J’ai trouvé que les critiques de la réforme de l’enseignement
étaient parfaitement justifiées, mais trop peu situées dans le problème plus
général de la perte de sens généralisée dans
la société du modernisme, laquelle perte est à la fois productrice et résultat
de la perte du sens des mots.
Hier j’ai circulé dans un TGV. Je suis monté dans un wagon de "2nde
classe" ! "Deuxonde" ou "Deuzonde" ? C’était écrit en grosses,
belles et coûteuses lettres de couleur à l’extérieur du wagon, comme sans doute
sur des milliers d’autres formant les nombreux TGV. Simple exemple de bêbête innovation
comme on croit utile d’en produire désormais partout pour "faire
avancer" la société.
Mais il y a plus grave. Par exemple quand des journalistes de
Francer Inter (radio "de service public") sont fiers de participer à
l’élimination du sens des chansons en les réduisant à leur musique (pas de
traduction, même très résumée, de ce que disent les paroles en anglais, voire
en français mais complètement couvertes par "l’accompagnement").

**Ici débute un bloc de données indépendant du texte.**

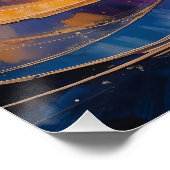 Wervelende Kosmische Abstracte Energiegolven in Go Perfect Poster (Hoek)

Cette élimination est maintenant devenue quasi-officielle : le mot
"chanson" a lui-même pratiquement disparu dans ce qui n’est plus que
"domaine musical". Peut-être que notre pays avait trop de chansons qui, dans notre belle langue, disaient
trop clairement "la vérité" et doivent donc, comme chantait le poète qui
vient de disparaître, être exécutées.
Mais il y a bien pire encore. C’est quand le sens des mots est systématiquement détruit dans un but
politique inavouable. Ce fut le cas quand Christiane Taubira obtint la
complicité immédiate de la quasi-totalité
de la presse pour faire croire à une réforme de prétendue extension du mariage aux homosexuels, alors qu’il
s’agissait d’une réforme en deux temps malhonnêtement concentrés en un seul :
d’abord suppression du mariage, puis
redéfinition de celui-ci, avec un
sens presque contraire à celui qu’il avait auparavant.

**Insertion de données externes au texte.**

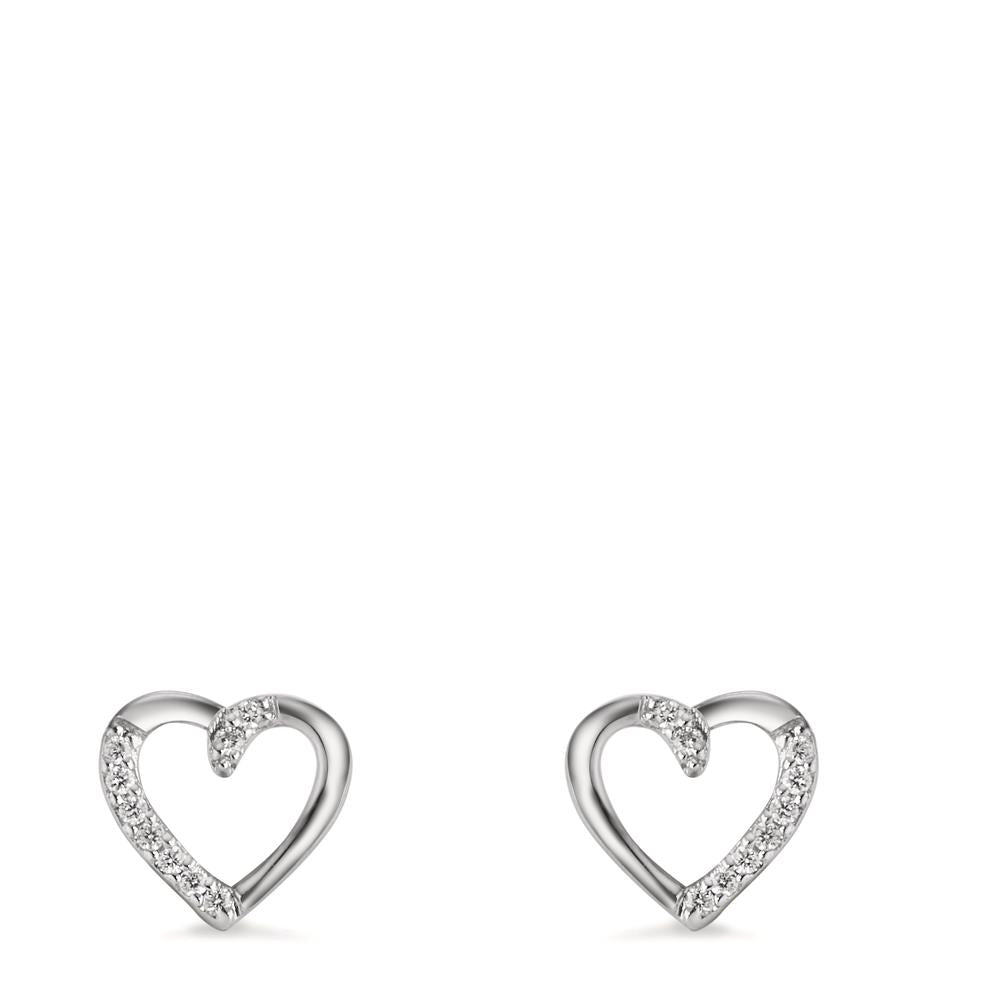 Stud earrings 18k White Gold Diamond 0.045 ct, 18 Stones, w-si Heart Ø7 mm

C’est le cas aussi quand, après Sarkozy qui avait déjà bien fait
avancer le mensonge, la fausse gauche réussit, là encore avec la quasi-totale
complicité de la presse, à faire assimiler la très compréhensible et très
justifiée islamophobie à du racisme,
à de la xénophobie, à de la haine.
Odieuse tricherie à but bassement électoraliste, dont on voit chaque
jour les dégâts grandissants dans toute l’Europe. Dégâts qui vont forcément
s’aggraver puisque gouvernants et presse servile s’abstiennent de faire
remarquer que, au sein de la massive immigration qui ne cesse de s’amplifier,
de très nombreux immigrants sont porteurs de la très violente religion
islamique.
Dormez braves gens ! Lâches gouvernants et journalistes sans
conscience ont les mots pour protéger votre sommeil.